Tahun 1785-an membawa Pangeran Diponogoro keluar dari Keraton, saat itu Pangeran Diponogoro masih kecil berusia sekitar 10 tahun. Sampai menjadi seorang paling hebat di perang Jawa, dia itu dibesarkan oleh perempuan sufi. Spritualitas Pangeran Diponogoro ini belum tereksplorasi.

Jika semakin dalam manuskrip ini diteliti, maka akan semakin terlihat karakter Islam di Indonesia. Dalam manuskrip yang menggambarkan perempuan sufi Indonesia, ternyata perempuan yang tidak dibatasi. Bahkan di masa lalu perempuan Indonesia aktif ikut perang dan menggerakan pemberontakan.

Jadi tidak seperti gambaran perempuan yang berada di komunitas patriarki. Bahkan sampai sekarang gerak perempuan di Arab Saudi masih terbatas. Sebaliknya, muslim perempuan di Indonesia sudah sangat maju.

Islamic manuscripts preserved at the Pondok Pesantren Langitan, Widang, Tuban, Indonesia. (British Library/eap.bl.uk)

Apakah ada dokumen atau manuskrip yang menurut Anda spesial atau juga unik? Bisa ceritakan?

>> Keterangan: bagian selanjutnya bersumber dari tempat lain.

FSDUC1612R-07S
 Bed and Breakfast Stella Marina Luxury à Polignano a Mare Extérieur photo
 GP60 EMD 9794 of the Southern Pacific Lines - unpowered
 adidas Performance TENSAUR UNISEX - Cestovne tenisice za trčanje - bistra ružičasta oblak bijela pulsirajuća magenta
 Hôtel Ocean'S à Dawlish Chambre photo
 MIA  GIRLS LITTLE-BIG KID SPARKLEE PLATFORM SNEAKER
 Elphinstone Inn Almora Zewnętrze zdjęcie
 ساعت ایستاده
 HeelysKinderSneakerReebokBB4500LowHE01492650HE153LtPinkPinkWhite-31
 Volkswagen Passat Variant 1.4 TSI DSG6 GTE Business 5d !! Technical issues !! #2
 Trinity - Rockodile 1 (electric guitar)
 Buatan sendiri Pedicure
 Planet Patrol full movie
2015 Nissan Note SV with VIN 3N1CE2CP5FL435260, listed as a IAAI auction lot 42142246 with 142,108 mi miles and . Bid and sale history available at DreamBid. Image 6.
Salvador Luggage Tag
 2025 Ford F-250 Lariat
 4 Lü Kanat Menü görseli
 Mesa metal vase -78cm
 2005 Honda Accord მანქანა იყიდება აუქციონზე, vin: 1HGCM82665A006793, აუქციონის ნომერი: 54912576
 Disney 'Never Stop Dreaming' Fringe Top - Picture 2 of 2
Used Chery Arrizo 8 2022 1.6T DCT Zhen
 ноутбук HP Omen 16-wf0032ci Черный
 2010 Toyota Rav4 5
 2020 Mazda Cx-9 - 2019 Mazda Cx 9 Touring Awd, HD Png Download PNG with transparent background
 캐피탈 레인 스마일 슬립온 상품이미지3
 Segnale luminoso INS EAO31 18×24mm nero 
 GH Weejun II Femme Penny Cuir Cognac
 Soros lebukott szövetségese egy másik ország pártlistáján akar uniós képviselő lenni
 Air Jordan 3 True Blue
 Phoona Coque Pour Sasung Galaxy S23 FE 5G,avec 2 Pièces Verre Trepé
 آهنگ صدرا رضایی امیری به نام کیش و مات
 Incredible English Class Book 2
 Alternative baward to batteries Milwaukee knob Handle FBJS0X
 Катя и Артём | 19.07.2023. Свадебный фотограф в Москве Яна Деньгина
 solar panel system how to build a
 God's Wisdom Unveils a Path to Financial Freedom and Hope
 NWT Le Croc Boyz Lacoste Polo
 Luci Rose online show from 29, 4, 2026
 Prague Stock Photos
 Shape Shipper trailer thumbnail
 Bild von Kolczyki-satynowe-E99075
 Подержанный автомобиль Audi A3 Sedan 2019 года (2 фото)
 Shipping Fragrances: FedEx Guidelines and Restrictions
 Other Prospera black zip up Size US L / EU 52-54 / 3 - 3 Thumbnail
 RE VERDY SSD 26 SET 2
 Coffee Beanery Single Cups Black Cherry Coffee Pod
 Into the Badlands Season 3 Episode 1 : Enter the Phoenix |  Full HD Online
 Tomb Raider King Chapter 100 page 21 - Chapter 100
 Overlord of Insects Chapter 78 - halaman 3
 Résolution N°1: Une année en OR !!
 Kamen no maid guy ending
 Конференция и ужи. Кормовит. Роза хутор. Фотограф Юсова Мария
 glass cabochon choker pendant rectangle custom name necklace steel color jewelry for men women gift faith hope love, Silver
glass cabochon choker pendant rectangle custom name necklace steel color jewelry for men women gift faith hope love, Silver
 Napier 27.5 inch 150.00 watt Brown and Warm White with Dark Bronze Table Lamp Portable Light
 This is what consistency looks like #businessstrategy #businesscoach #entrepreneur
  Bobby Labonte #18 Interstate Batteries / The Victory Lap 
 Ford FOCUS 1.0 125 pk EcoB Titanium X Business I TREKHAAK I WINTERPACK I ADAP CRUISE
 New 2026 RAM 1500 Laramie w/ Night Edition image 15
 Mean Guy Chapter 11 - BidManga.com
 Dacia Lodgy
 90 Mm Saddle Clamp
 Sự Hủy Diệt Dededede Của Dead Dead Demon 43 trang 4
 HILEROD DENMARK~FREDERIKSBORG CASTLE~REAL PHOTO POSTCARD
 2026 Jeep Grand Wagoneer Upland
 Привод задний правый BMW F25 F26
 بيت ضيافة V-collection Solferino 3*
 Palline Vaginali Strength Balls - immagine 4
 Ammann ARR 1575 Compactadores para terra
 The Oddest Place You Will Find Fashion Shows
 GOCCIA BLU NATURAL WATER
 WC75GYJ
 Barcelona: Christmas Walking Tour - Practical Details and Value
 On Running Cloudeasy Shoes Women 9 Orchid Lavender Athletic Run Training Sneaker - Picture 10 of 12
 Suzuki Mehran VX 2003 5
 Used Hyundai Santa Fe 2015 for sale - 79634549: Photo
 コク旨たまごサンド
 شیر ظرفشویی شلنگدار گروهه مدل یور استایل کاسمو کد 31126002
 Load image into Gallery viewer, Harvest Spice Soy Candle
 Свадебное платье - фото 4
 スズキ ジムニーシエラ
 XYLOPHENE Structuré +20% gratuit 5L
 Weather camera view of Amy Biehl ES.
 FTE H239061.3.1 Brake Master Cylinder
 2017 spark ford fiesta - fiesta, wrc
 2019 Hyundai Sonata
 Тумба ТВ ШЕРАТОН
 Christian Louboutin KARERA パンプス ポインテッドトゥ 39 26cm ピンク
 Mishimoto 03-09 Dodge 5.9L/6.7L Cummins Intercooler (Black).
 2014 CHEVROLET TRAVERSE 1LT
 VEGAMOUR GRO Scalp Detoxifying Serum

Sebenernya banyak dari manuskrip masa lalu itu bisa dihubungkan dengan situasi kekinian. Meneliti manuskrip juga harus menarik benang merah dengan kondisi kekinian.

Misalnya dalam konteks Islam toleransi dan moderat.

Jika dilihat dari berbagai hikayat-hikayat, semisal Amir Hamzah yang menceritakan bagaimana seorang figur Hamzah. Hikayat Amir Hamzah ketika diadopsi dalam literatur Jawa menjadi Serat Menak.

Saya saat ini sedang melakukan penelitian terhadap naskah  Serat, Babat dan lainnya untuk membuktikan Islam yang direpresentasikan dalam hikayat itu menggambarkan kemampuan penulisnya mendialogkan keberagaman antara Islam yang datang dari Arab dengan kejawaan dan lainnya, sangat kosmopolit.

Bahkan tokoh yang digambarkan dalam hikayat tersebut sebagai tokoh yang berdialog dengan ragam tradisi, misalnya Persia, Syiah, atau juga Sunni. Tokoh ini menerima ke-Arab-an, tapi dikontekstualisasi menjadi kelokalan. Misal di Serat Centhini yang menggambarkan alkulturasi Islam dengan budaya Jawa.